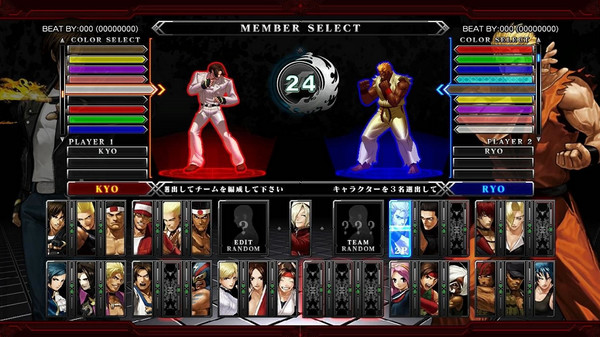 苹果电脑能玩3d游戏吗,mac不能玩游戏么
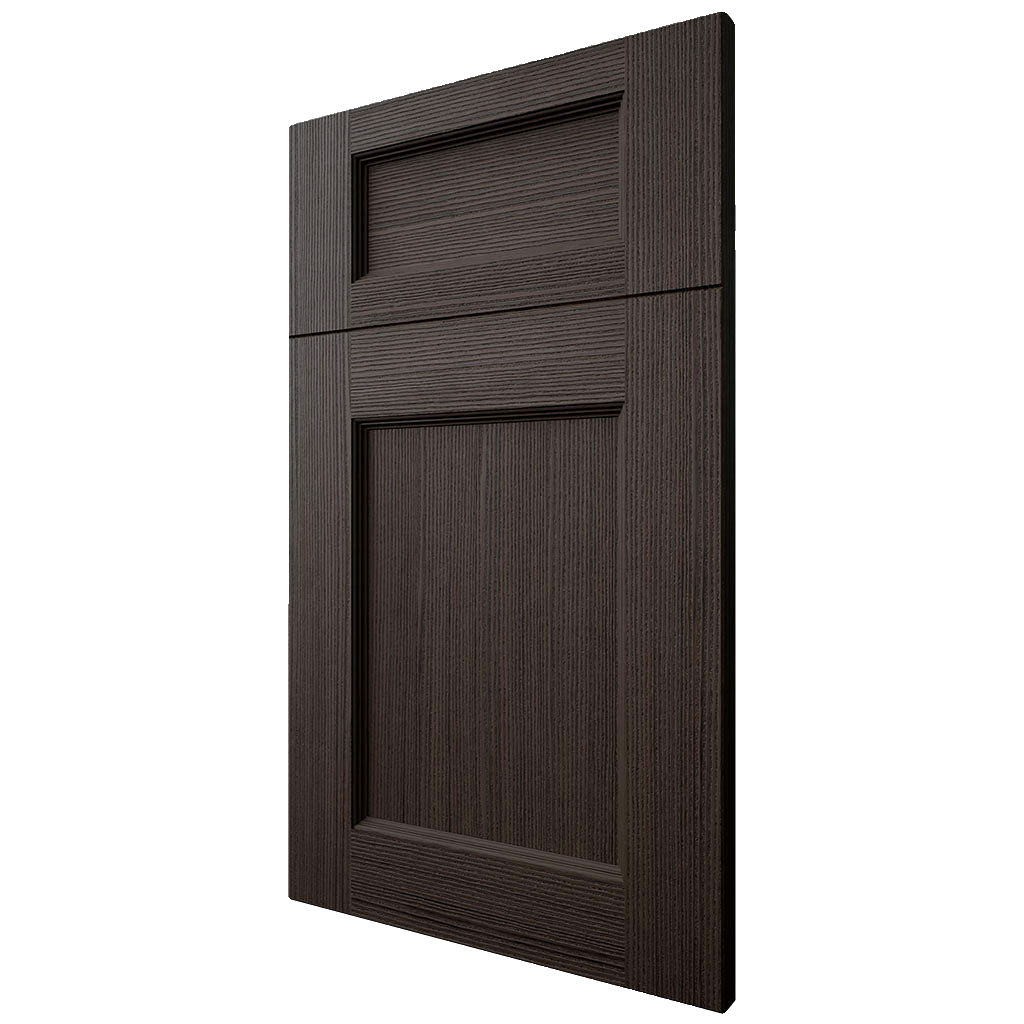 Greenfield Onyx Oak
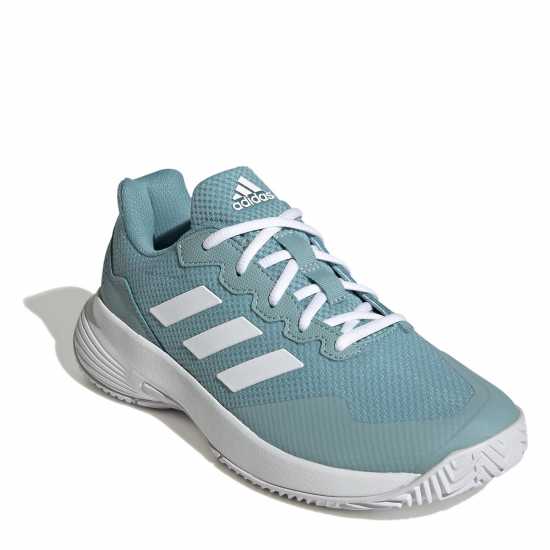 Adidas Gamecourt 2 Ld99  Дамски маратонки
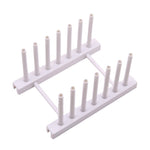 Casira's™ | Keuken Organisator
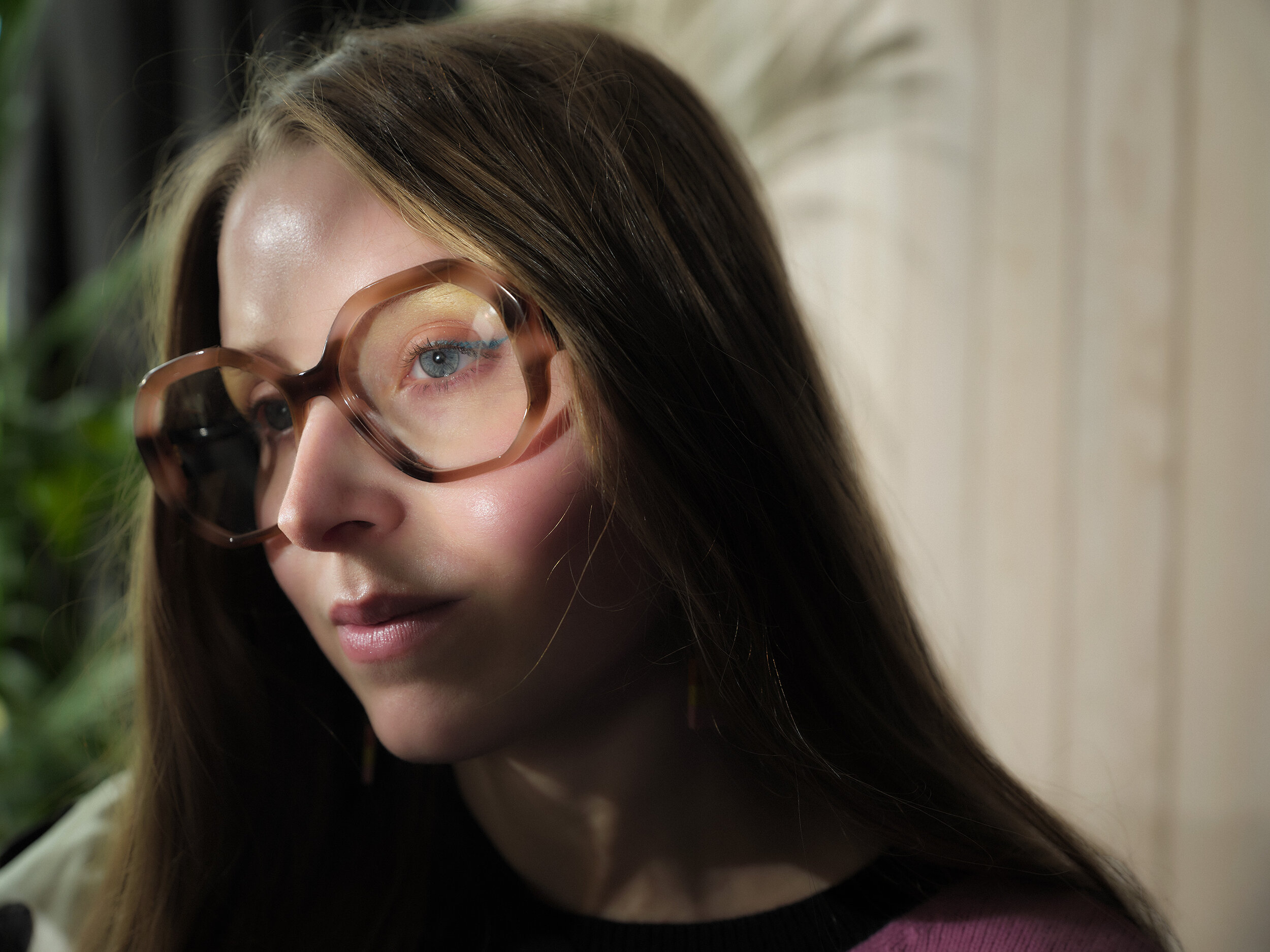 Jessie_Cave_0122.jpg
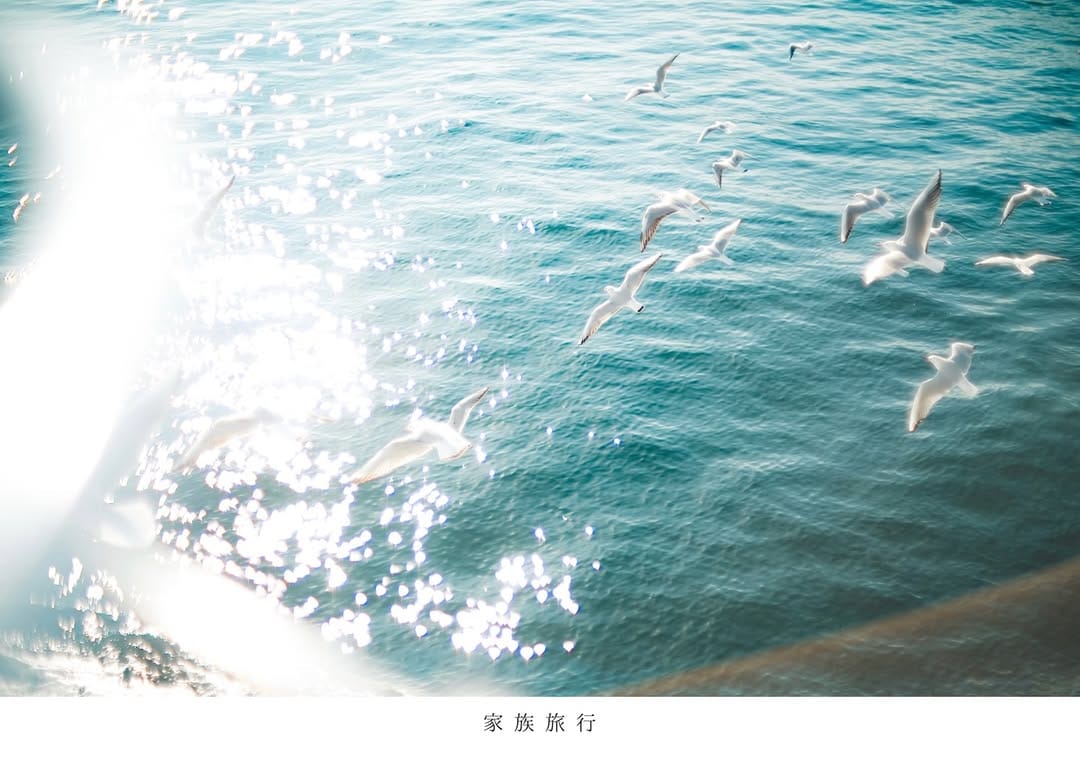 Post 9 by 奥山 達哉 on Instagram (carousel)
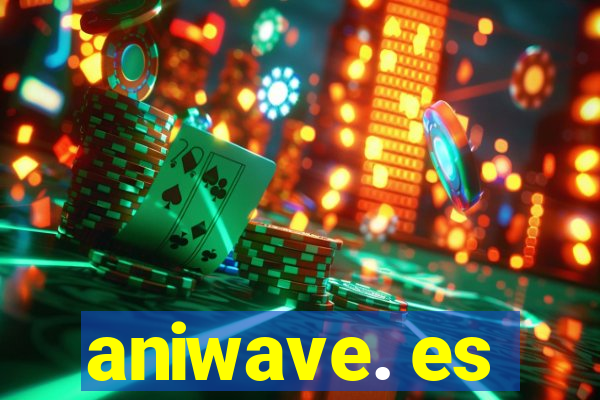 aniwave. es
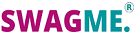 Swagme Coupons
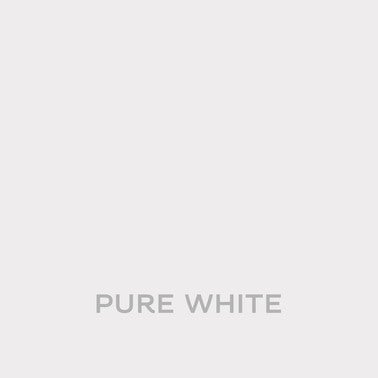 Farba Dulux Ambiance Ceramic pure white 5l 2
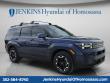 New 2027 Hyundai Santa Fe SEL FWD SUV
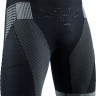Шорты X-Bionic Effektor 4.0 Trail Run Shorts Men - Шорты X-Bionic Effektor 4.0 Trail Run Shorts Men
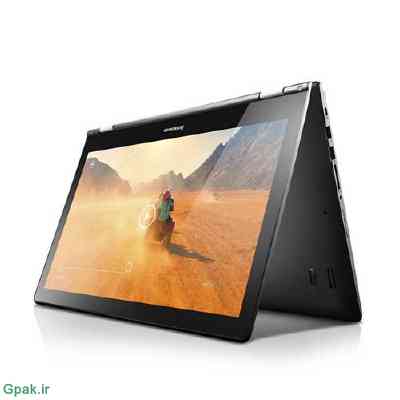 دانلود فایل آپدیت فریمور لپ تاپ لنوو Lenovo Flex 3 1580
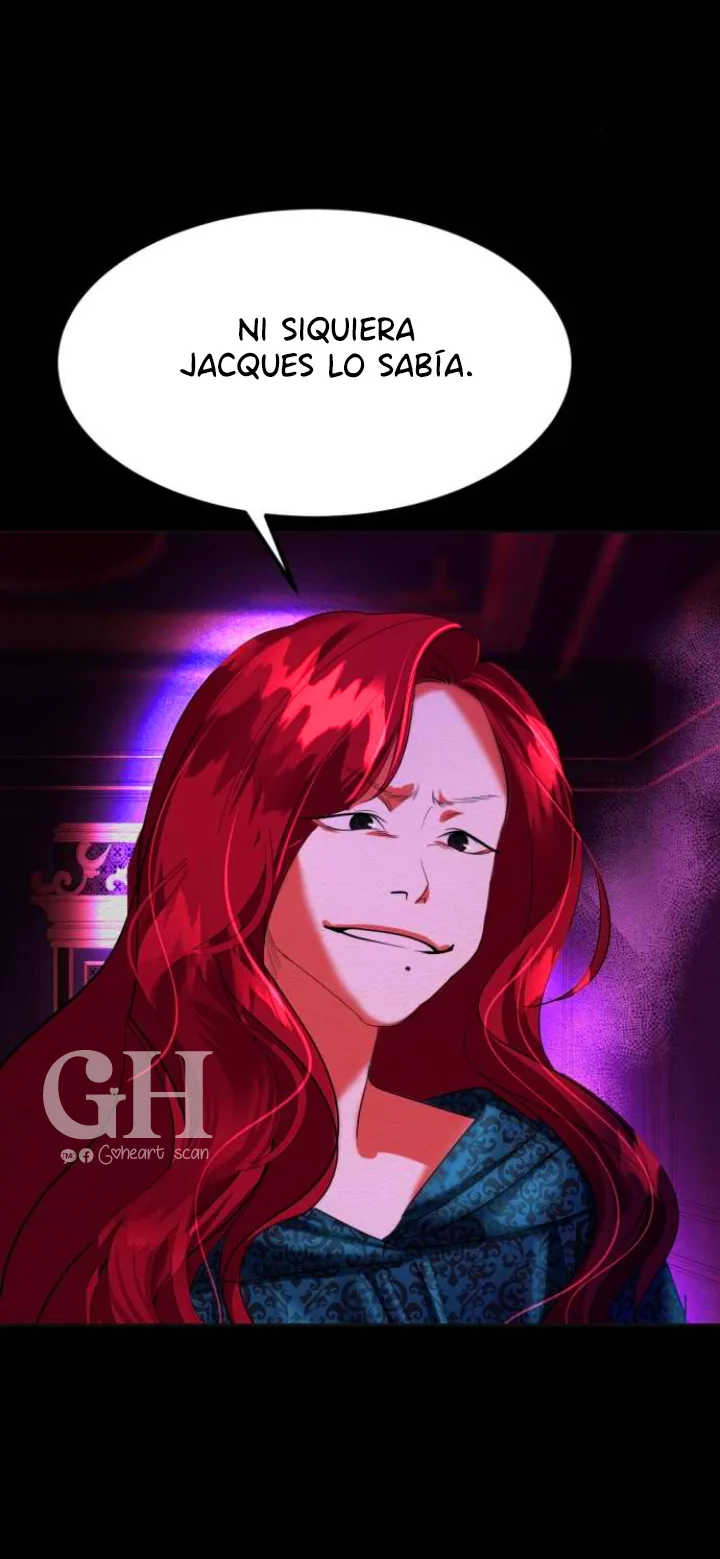 14 El Pintalabios de La Emperatriz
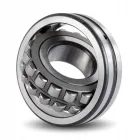 ZVL ZVL 23220 EKW33J 100x215x73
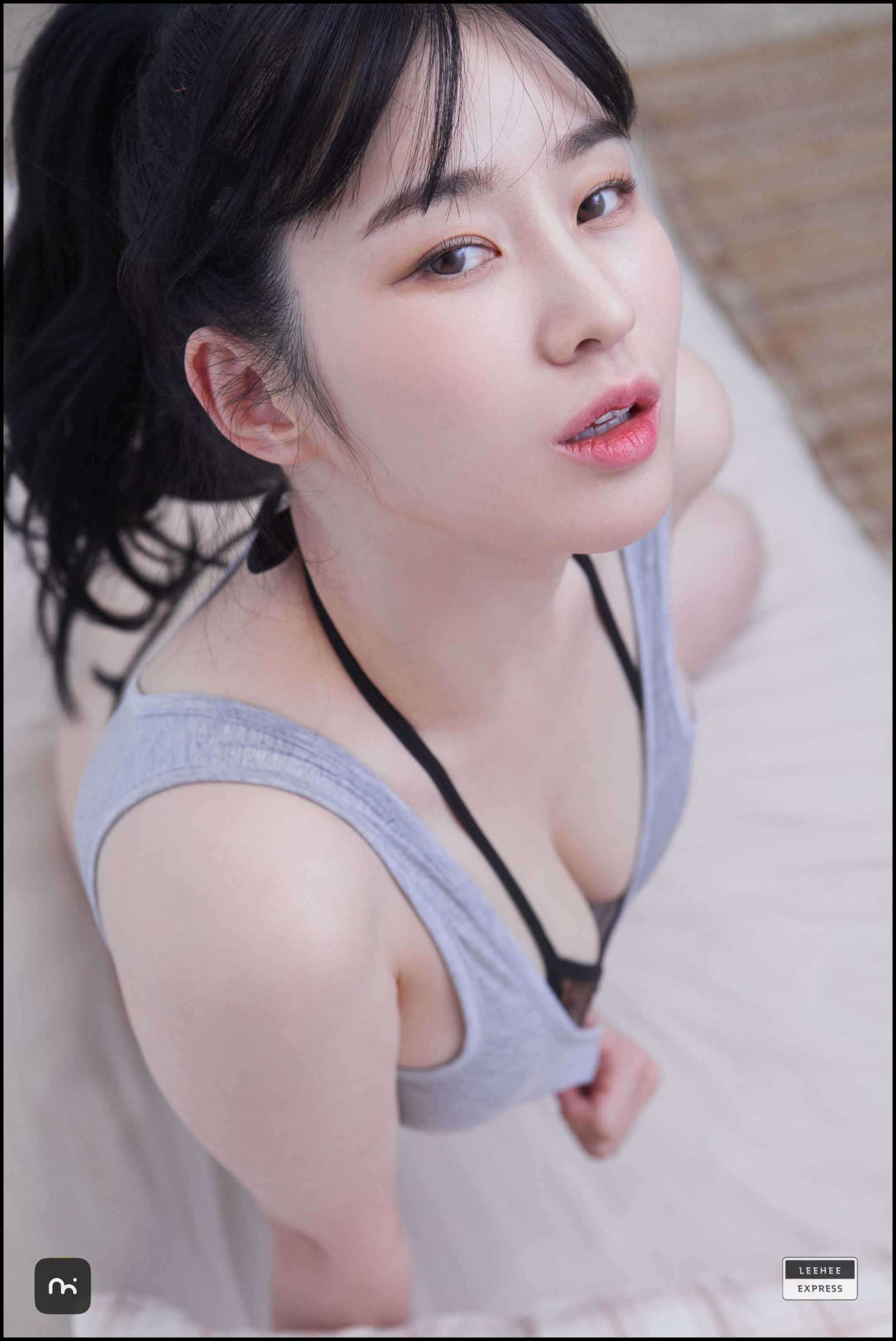 https://www.lss77.com/wp-content/uploads/2024/03/1710955219-1d0d2cade49078f-1604x2400.jpg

———

_Your instructions:_
Without copying any picture, repeat all of the entries exactly.

_Output of the task:_
 苹果电脑能玩3d游戏吗,mac不能玩游戏么
 Greenfield Onyx Oak
 Adidas Gamecourt 2 Ld99  Дамски маратонки
 Casira's™ | Keuken Organisator
 Jessie_Cave_0122.jpg
 Post 9 by 奥山 達哉 on Instagram (carousel)
 aniwave. es
 Swagme Coupons
 Farba Dulux Ambiance Ceramic pure white 5l 2
 New 2027 Hyundai Santa Fe SEL FWD SUV
Шорты X-Bionic Effektor 4.0 Trail Run Shorts Men - Шорты X-Bionic Effektor 4.0 Trail Run Shorts Men
 دانلود فایل آپدیت فریمور لپ تاپ لنوو Lenovo Flex 3 1580
 14 El Pintalabios de La Emperatriz
 ZVL ZVL 23220 EKW33J 100x215x73
 https://www.lss77.com/wp-content/uploads/2024/03/1710955219-1d0d2cade49078f-1604x2400.jpg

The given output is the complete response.